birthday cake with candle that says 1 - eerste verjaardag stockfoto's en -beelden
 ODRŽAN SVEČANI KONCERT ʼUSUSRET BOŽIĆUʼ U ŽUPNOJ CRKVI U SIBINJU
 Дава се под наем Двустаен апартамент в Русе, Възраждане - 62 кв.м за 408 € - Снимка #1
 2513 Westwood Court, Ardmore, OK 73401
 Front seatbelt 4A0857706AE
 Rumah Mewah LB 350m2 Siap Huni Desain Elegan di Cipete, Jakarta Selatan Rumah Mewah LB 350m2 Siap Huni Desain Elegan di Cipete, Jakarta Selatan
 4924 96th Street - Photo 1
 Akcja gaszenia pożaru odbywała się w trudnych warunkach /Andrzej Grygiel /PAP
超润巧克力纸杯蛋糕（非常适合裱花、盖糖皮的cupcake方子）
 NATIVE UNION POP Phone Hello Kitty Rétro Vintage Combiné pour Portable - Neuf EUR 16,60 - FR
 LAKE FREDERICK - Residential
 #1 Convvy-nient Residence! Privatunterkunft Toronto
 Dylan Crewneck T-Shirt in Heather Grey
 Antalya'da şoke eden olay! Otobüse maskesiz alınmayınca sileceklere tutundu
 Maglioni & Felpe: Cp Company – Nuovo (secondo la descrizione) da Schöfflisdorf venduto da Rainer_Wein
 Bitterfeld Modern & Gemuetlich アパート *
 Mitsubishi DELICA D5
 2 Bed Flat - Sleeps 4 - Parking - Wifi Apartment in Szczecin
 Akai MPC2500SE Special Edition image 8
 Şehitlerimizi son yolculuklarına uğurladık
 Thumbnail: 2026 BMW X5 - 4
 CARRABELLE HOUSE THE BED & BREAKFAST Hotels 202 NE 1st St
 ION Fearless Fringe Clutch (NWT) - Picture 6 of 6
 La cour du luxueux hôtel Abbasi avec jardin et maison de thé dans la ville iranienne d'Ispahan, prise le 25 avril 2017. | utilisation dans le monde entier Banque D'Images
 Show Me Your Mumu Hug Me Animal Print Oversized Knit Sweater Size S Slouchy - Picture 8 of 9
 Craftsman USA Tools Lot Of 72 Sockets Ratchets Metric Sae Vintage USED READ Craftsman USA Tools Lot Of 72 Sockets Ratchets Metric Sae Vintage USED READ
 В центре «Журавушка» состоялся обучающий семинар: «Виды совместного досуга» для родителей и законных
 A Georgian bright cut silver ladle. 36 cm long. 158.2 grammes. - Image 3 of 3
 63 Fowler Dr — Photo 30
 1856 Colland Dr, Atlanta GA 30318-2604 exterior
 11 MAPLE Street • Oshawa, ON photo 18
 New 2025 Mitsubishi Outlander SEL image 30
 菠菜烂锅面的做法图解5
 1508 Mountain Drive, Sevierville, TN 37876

════════════════════

Description of the task — All of the material must be reproduced exactly.

Completed exercise —
birthday cake with candle that says 1 - eerste verjaardag stockfoto's en -beelden
 ODRŽAN SVEČANI KONCERT ʼUSUSRET BOŽIĆUʼ U ŽUPNOJ CRKVI U SIBINJU
 Дава се под наем Двустаен апартамент в Русе, Възраждане - 62 кв.м за 408 € - Снимка #1
 2513 Westwood Court, Ardmore, OK 73401
 Front seatbelt 4A0857706AE
 Rumah Mewah LB 350m2 Siap Huni Desain Elegan di Cipete, Jakarta Selatan Rumah Mewah LB 350m2 Siap Huni Desain Elegan di Cipete, Jakarta Selatan
 4924 96th Street - Photo 1
 Akcja gaszenia pożaru odbywała się w trudnych warunkach /Andrzej Grygiel /PAP
超润巧克力纸杯蛋糕（非常适合裱花、盖糖皮的cupcake方子）
 NATIVE UNION POP Phone Hello Kitty Rétro Vintage Combiné pour Portable - Neuf EUR 16,60 - FR
 LAKE FREDERICK - Residential
 #1 Convvy-nient Residence! Privatunterkunft Toronto
 Dylan Crewneck T-Shirt in Heather Grey
 Antalya'da şoke eden olay! Otobüse maskesiz alınmayınca sileceklere tutundu
 Maglioni & Felpe: Cp Company – Nuovo (secondo la descrizione) da Schöfflisdorf venduto da Rainer_Wein
 Bitterfeld Modern & Gemuetlich アパート *
 Mitsubishi DELICA D5
 2 Bed Flat - Sleeps 4 - Parking - Wifi Apartment in Szczecin
 Akai MPC2500SE Special Edition image 8
 Şehitlerimizi son yolculuklarına uğurladık
 Thumbnail: 2026 BMW X5 - 4
 CARRABELLE HOUSE THE BED & BREAKFAST Hotels 202 NE 1st St
 ION Fearless Fringe Clutch (NWT) - Picture 6 of 6
 La cour du luxueux hôtel Abbasi avec jardin et maison de thé dans la ville iranienne d'Ispahan, prise le 25 avril 2017. | utilisation dans le monde entier Banque D'Images
 Show Me Your Mumu Hug Me Animal Print Oversized Knit Sweater Size S Slouchy - Picture 8 of 9
 Craftsman USA Tools Lot Of 72 Sockets Ratchets Metric Sae Vintage USED READ Craftsman USA Tools Lot Of 72 Sockets Ratchets Metric Sae Vintage USED READ
 В центре «Журавушка» состоялся обучающий семинар: «Виды совместного досуга» для родителей и законных
 A Georgian bright cut silver ladle. 36 cm long. 158.2 grammes. - Image 3 of 3
 63 Fowler Dr — Photo 30
 1856 Colland Dr, Atlanta GA 30318-2604 exterior
 11 MAPLE Street • Oshawa, ON photo 18
 New 2025 Mitsubishi Outlander SEL image 30
 菠菜烂锅面的做法图解5
 1508 Mountain Drive, Sevierville, TN 37876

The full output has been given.